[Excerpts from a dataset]
+++

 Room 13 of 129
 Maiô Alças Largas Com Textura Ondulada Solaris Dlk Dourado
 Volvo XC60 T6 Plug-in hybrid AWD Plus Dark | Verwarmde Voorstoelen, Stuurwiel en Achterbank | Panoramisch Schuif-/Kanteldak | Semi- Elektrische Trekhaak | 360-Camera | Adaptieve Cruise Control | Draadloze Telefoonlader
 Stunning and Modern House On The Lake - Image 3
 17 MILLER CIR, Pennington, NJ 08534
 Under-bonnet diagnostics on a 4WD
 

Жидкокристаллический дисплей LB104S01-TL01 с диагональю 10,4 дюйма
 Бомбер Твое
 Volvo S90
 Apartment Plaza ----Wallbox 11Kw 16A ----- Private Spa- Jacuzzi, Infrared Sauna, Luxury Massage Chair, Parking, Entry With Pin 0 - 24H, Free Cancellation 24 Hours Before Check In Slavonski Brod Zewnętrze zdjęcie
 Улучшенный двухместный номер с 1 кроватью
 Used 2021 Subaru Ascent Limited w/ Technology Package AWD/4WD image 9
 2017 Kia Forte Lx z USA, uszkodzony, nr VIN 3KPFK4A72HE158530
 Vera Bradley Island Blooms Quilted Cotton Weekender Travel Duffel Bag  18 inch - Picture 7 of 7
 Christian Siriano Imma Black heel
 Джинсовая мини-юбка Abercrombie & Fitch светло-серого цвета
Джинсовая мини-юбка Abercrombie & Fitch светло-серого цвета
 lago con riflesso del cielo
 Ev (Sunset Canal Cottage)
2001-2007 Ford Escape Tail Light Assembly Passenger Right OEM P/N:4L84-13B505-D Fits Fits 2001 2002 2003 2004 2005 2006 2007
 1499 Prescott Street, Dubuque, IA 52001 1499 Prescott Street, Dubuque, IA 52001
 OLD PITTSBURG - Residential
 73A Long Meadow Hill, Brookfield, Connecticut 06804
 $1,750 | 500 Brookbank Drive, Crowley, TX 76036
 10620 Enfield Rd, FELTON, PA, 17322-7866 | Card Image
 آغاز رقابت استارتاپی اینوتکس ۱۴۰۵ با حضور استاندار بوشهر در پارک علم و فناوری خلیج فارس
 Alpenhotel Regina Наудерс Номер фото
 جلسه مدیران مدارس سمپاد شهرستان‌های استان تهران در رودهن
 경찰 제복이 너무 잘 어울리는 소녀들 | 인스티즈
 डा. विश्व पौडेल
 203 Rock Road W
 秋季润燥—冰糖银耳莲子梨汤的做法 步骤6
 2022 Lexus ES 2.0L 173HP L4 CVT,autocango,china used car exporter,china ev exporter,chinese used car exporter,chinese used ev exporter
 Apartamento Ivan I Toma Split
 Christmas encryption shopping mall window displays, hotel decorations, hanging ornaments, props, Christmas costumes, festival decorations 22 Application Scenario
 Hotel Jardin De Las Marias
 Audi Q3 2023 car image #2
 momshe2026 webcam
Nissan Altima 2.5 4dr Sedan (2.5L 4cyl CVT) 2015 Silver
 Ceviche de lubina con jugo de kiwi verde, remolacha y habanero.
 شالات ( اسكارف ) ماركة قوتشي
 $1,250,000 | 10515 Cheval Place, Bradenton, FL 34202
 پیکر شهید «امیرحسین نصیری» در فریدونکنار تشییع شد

+++

The full data must appear again, retyped in every detail.

 Room 13 of 129
 Maiô Alças Largas Com Textura Ondulada Solaris Dlk Dourado
 Volvo XC60 T6 Plug-in hybrid AWD Plus Dark | Verwarmde Voorstoelen, Stuurwiel en Achterbank | Panoramisch Schuif-/Kanteldak | Semi- Elektrische Trekhaak | 360-Camera | Adaptieve Cruise Control | Draadloze Telefoonlader
 Stunning and Modern House On The Lake - Image 3
 17 MILLER CIR, Pennington, NJ 08534
 Under-bonnet diagnostics on a 4WD
 

Жидкокристаллический дисплей LB104S01-TL01 с диагональю 10,4 дюйма
 Бомбер Твое
 Volvo S90
 Apartment Plaza ----Wallbox 11Kw 16A ----- Private Spa- Jacuzzi, Infrared Sauna, Luxury Massage Chair, Parking, Entry With Pin 0 - 24H, Free Cancellation 24 Hours Before Check In Slavonski Brod Zewnętrze zdjęcie
 Улучшенный двухместный номер с 1 кроватью
 Used 2021 Subaru Ascent Limited w/ Technology Package AWD/4WD image 9
 2017 Kia Forte Lx z USA, uszkodzony, nr VIN 3KPFK4A72HE158530
 Vera Bradley Island Blooms Quilted Cotton Weekender Travel Duffel Bag  18 inch - Picture 7 of 7
 Christian Siriano Imma Black heel
 Джинсовая мини-юбка Abercrombie & Fitch светло-серого цвета
Джинсовая мини-юбка Abercrombie & Fitch светло-серого цвета
 lago con riflesso del cielo
 Ev (Sunset Canal Cottage)
2001-2007 Ford Escape Tail Light Assembly Passenger Right OEM P/N:4L84-13B505-D Fits Fits 2001 2002 2003 2004 2005 2006 2007
 1499 Prescott Street, Dubuque, IA 52001 1499 Prescott Street, Dubuque, IA 52001
 OLD PITTSBURG - Residential
 73A Long Meadow Hill, Brookfield, Connecticut 06804
 $1,750 | 500 Brookbank Drive, Crowley, TX 76036
 10620 Enfield Rd, FELTON, PA, 17322-7866 | Card Image
 آغاز رقابت استارتاپی اینوتکس ۱۴۰۵ با حضور استاندار بوشهر در پارک علم و فناوری خلیج فارس
 Alpenhotel Regina Наудерс Номер фото
 جلسه مدیران مدارس سمپاد شهرستان‌های استان تهران در رودهن
 경찰 제복이 너무 잘 어울리는 소녀들 | 인스티즈
 डा. विश्व पौडेल
 203 Rock Road W
 秋季润燥—冰糖银耳莲子梨汤的做法 步骤6
 2022 Lexus ES 2.0L 173HP L4 CVT,autocango,china used car exporter,china ev exporter,chinese used car exporter,chinese used ev exporter
 Apartamento Ivan I Toma Split
 Christmas encryption shopping mall window displays, hotel decorations, hanging ornaments, props, Christmas costumes, festival decorations 22 Application Scenario
 Hotel Jardin De Las Marias
 Audi Q3 2023 car image #2
 momshe2026 webcam
Nissan Altima 2.5 4dr Sedan (2.5L 4cyl CVT) 2015 Silver
 Ceviche de lubina con jugo de kiwi verde, remolacha y habanero.
 شالات ( اسكارف ) ماركة قوتشي
 $1,250,000 | 10515 Cheval Place, Bradenton, FL 34202
 پیکر شهید «امیرحسین نصیری» در فریدونکنار تشییع شد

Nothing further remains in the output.